Il me semble que l’entraîneur, au demeurant le meilleur fils du monde, devrait apprendre l’art de se taire et laisser au vestiaire les observations, les jugements qui blessent. L’art du rugby n’est pas l’art de diviser, mais celui de rassembler, de cimenter et par conséquent de libérer les qualités pour le plus grand profit de chacun et du groupe.
J’ai vu de mes yeux vu des joueurs égarés sur le terrain, à la recherche d’un esprit et d’un jeu perdus. J’ai vu de mes yeux vu, des corps mutilés par des jours et des jours de musculation abusive. Néanmoins, j’ai vu de mes yeux vu, quelques lueurs de passes qui pourraient être le germe de lendemains qui chantent ; permettez-moi de rêver, car la motricité et la technicité de certains joueurs m’y invitent.
Et puis, comment ne pas s’interroger sur les effets du Haka. Regardons bien ces joueurs disposés comme un corps de ballet se mettre progressivement en transe. La tension de leur corps fait la force de leurs bouches, leurs cordes vocales se fondent en un corps vocal, ils sont possédés par une histoire, un projet, un défi jusqu’à devenir une forme artistique via l’extase.

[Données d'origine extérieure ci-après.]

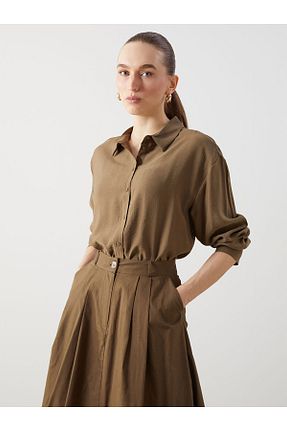 تونیک خاکی زنانه بافتنی LC Waikiki - کد 924079144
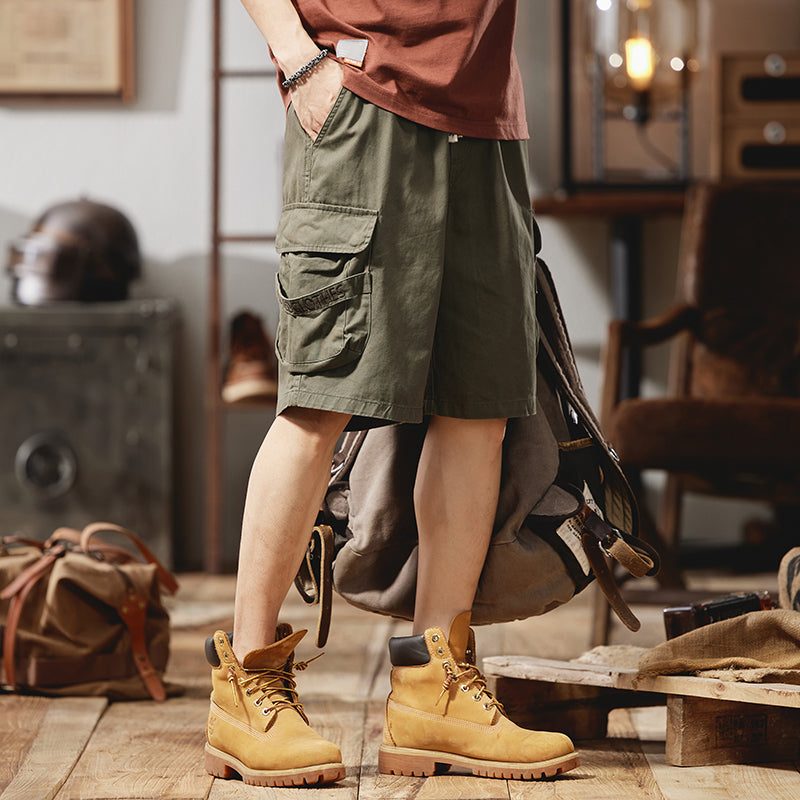 夏季男士口袋大碼休閑抽繩中褲美式純棉五分褲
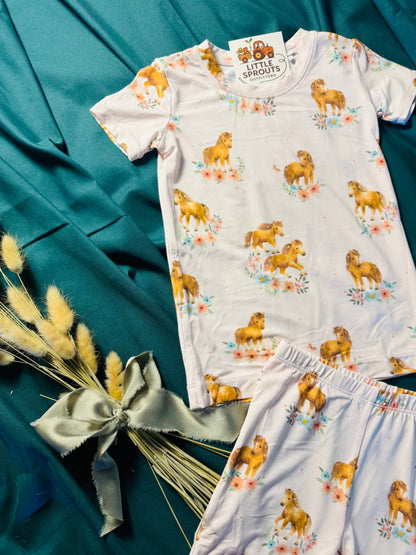 Pink Ponies Loungewear Short Set | Girls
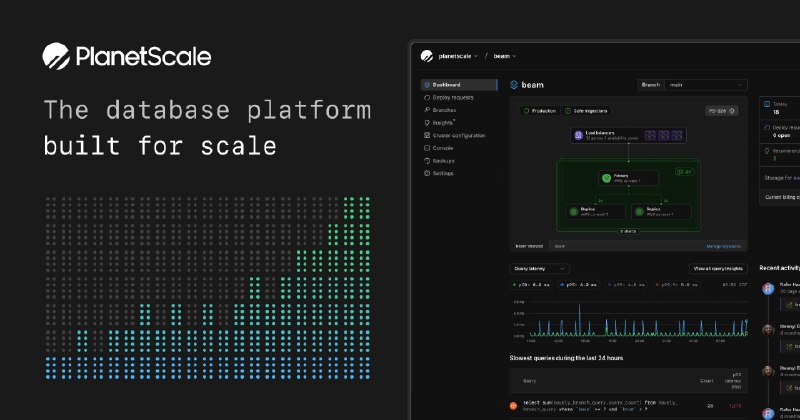 PlanetScale - the world’s fastest and most scalable cloud hosting for Vitess and Postgres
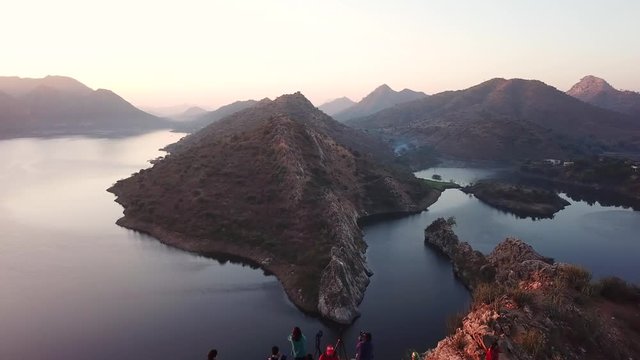 Aerial view 4k video by drone of Bahubali hill and mountains in Rajasthan, Udaipur, India.	
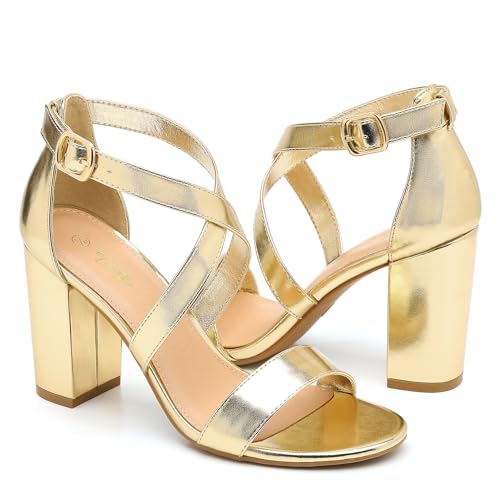 Image of Trary Women's Block Chunky Heel Sandals for Women Open Toe Adjustable Cross Ankle Strap Dress Shoes Walking Wedding Evening Bridal Heels
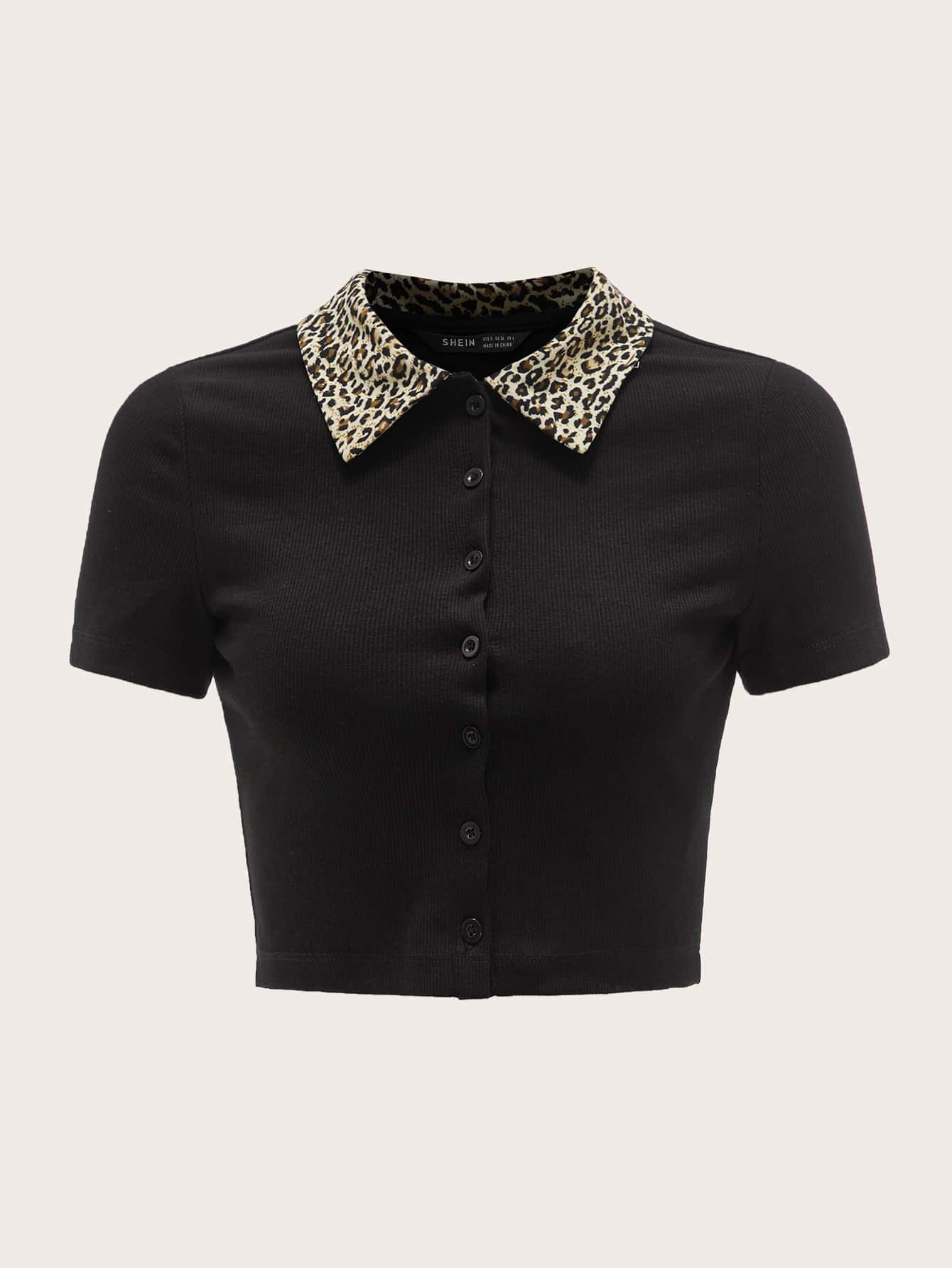 SHEIN LUNE Leopard Collared Buttoned Front Crop Top - Black - View 1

Ils ne sont plus alourdis par le doute, la crainte ; ils sont prêts pour un rugby-transe, le corps et l’esprit épris de liberté.
Alors, les petits, comme l’articulait si bien Roger Couder, chantez-nous La Marseillaise à vous faire péter la poitrine, à vous décongestionner toutes sortes de noeuds et dépassez la culture de la tessiture pour plonger dans l’indélicatesse de l’étendue ou siègent de nouvelles ressources, afin de ne pas être tétanisés par le cri des autres et retrouver votre rugby d’évitement, de risques acrobatiques, d’improvisations déroutantes comme l’a vécu l’international All Blacks Donald William McKay, nostalgique du French Flair, nous avions peur de prendre des courants d’air par vos attaquants. J’ai eu la chance d’affronter André Boniface. Il incarne réellement votre french flair. Aujourd’hui vos trois quarts sont quelque peu formatés, lui avait une science de l’évitement incroyable (Midi Olympique Magazine du lundi 3 octobre 2011).
Alors, puisque Marc Liévremont a déclaré, que les joueurs fassent sans moi, je ne demande que cela, allez les petits n’hésitez plus, la coupe du Monde vous appartient.
Ne vous reprochez rien, ce qui a été fait est fait, rien ne peut être retouché, car dans la vie, comme l’a écrit André Gide, on ne peut corriger ce qu’on a fait ; oui, c’est ce qui me paraît si beau dans la vie ; c’est qu’il faut peindre dans le frais. La rature y est défendue.
Alors, en avant les coqs, en avant pour peindre dans le frais la révolte que tout un pays attend, que tout un peuple orphelin du french flair espère et que redoutent les Anglais.